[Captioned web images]
○ ○ ○

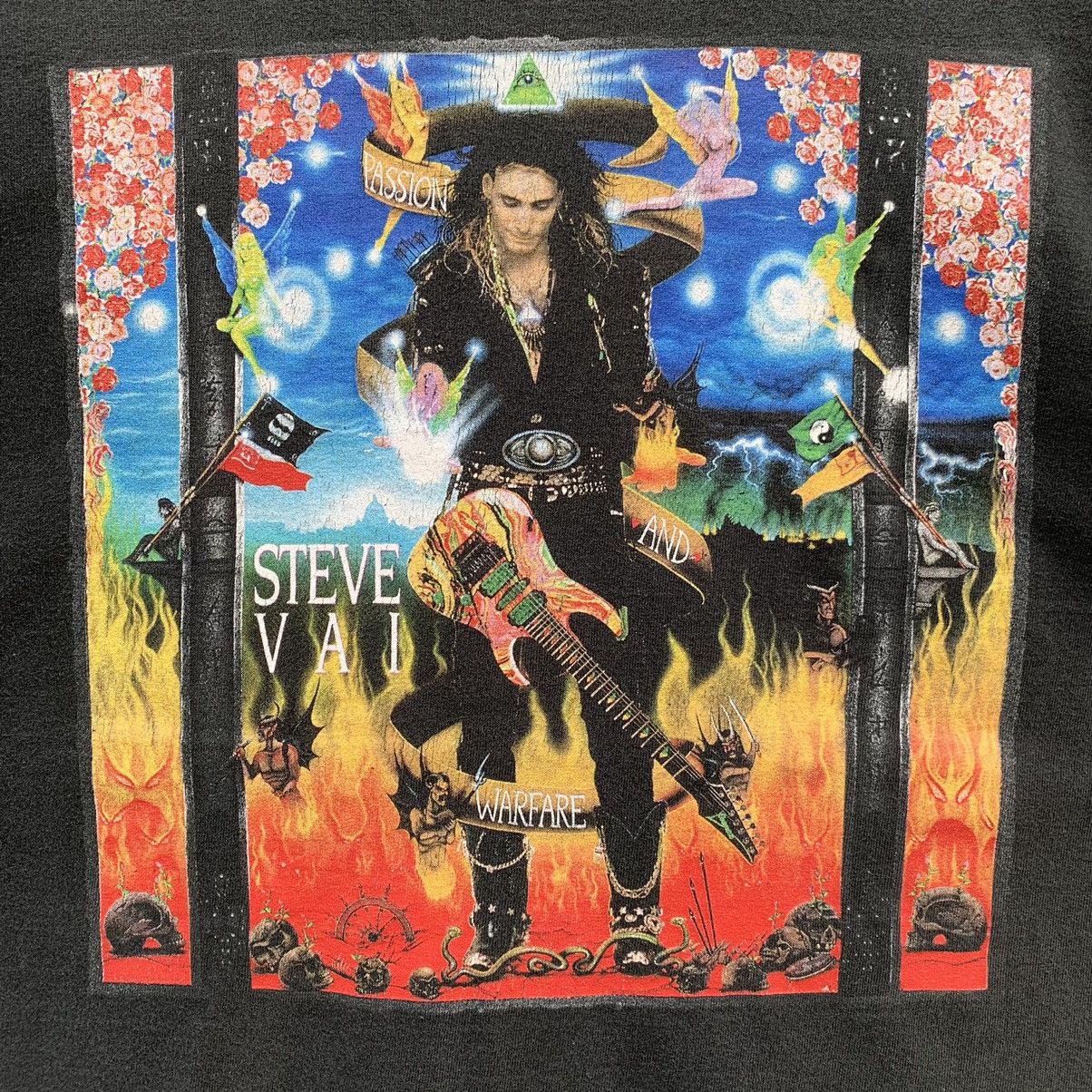 Band Tees × Vintage Vintage STEVE VAI LEGENDARY GUITARIST BAND T-shirt Size US M / EU 48-50 / 2 - 5 Thumbnail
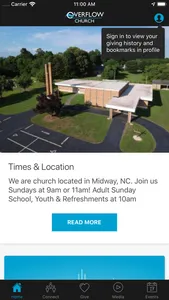 Overflow Church NC screenshot 0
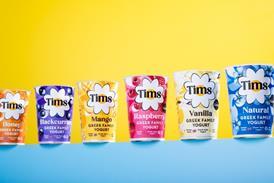 tims yoghurt rebrand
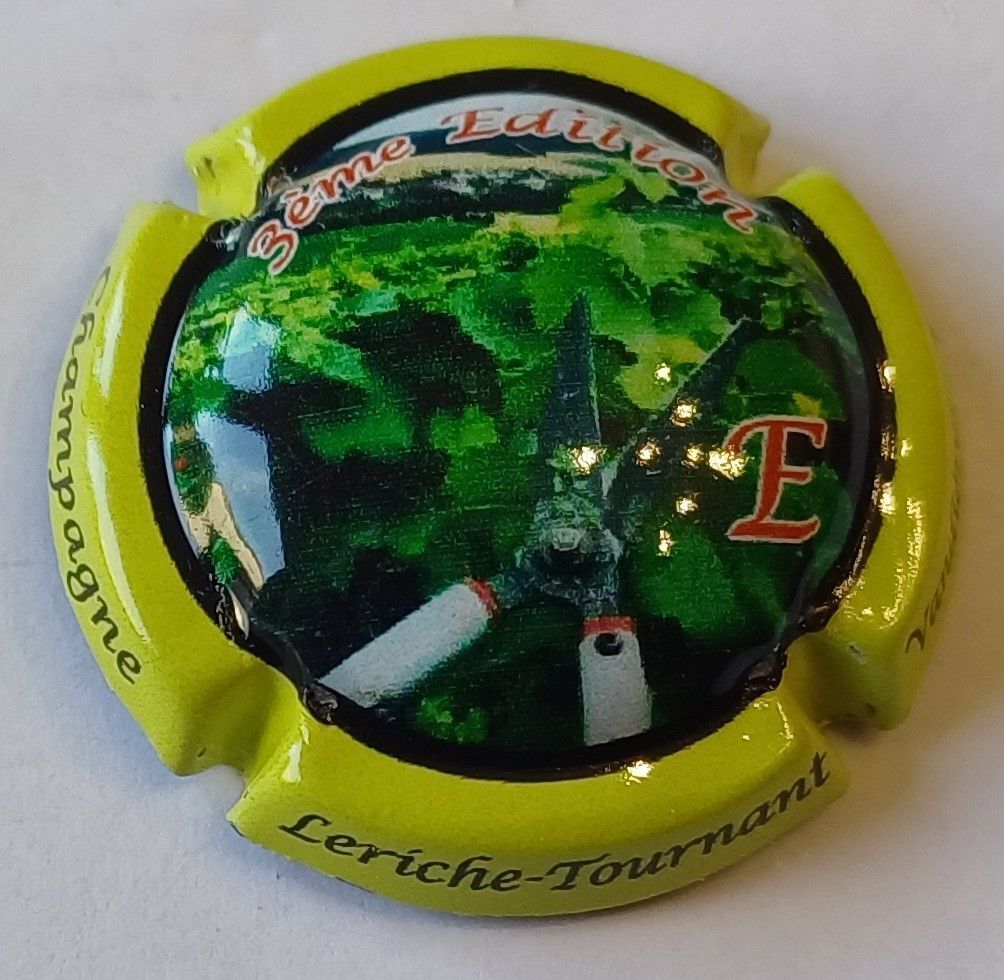 BELLE CAPSULE CHAMPAGNE LERICHE TOURNANT 3EME EDITION REF N°29 NEWS
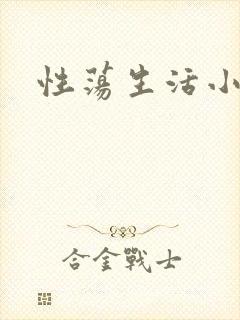 性荡生活小说封面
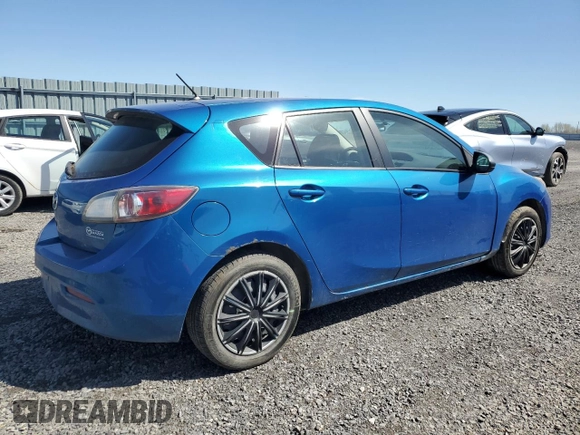 2013 Mazda 3 GX with VIN JM1BL1KF3D1726846, listed as a Copart auction lot 54713885 with 163,873 mi miles and Clean Title. Bid and sale history available at carsss.com. Image 3.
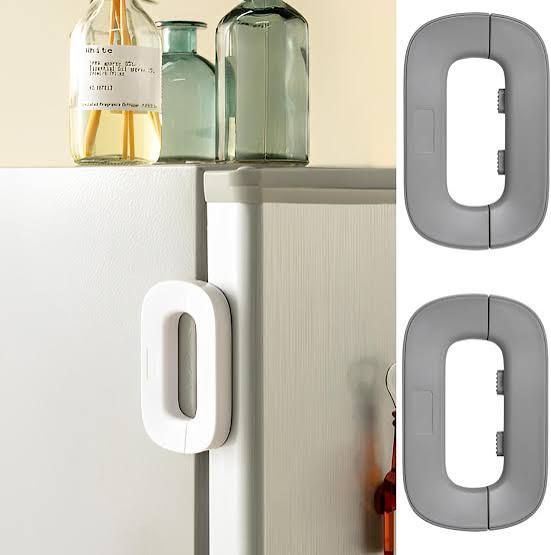 Refrigerator Child Safety Lock, Fridge & Freezer Door Lock, Baby Proof Cabinet Lock, Childproof Appliance Safety Lock for Home Kitchen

○ ○ ○

§ **TASK DESCRIPTION**: Begin with the line that contains "2013 Mazda 3" and repeat every line through the end of the data, exactly and only those lines, leaving out the pictures.

§ **PROBLEM SOLUTION**:
 2013 Mazda 3 GX with VIN JM1BL1KF3D1726846, listed as a Copart auction lot 54713885 with 163,873 mi miles and Clean Title. Bid and sale history available at carsss.com. Image 3.
 Refrigerator Child Safety Lock, Fridge & Freezer Door Lock, Baby Proof Cabinet Lock, Childproof Appliance Safety Lock for Home Kitchen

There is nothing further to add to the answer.